Source information —

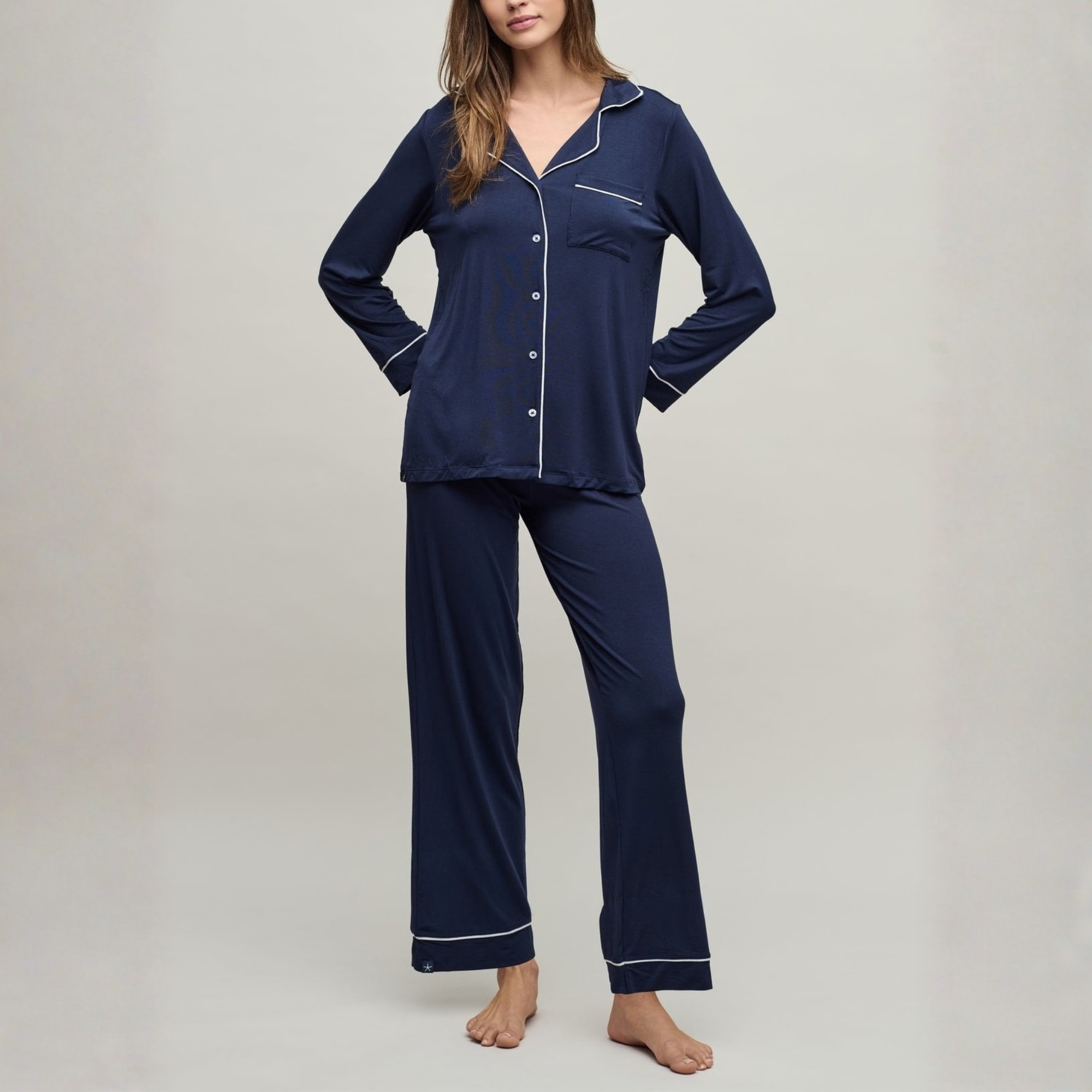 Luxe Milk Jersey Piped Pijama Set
--
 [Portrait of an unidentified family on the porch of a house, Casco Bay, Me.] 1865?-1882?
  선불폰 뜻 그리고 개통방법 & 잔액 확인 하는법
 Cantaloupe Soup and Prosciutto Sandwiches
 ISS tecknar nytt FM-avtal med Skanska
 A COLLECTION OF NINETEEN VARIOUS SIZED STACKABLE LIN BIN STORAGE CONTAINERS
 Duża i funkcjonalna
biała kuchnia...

Requirement —
Looking at the data above, return every line from the one with "ISS tecknar nytt FM-avtal med Skanska" down to the one with "biała kuchnia...", exactly and inclusively.

Solution —
 ISS tecknar nytt FM-avtal med Skanska
 A COLLECTION OF NINETEEN VARIOUS SIZED STACKABLE LIN BIN STORAGE CONTAINERS
 Duża i funkcjonalna
biała kuchnia...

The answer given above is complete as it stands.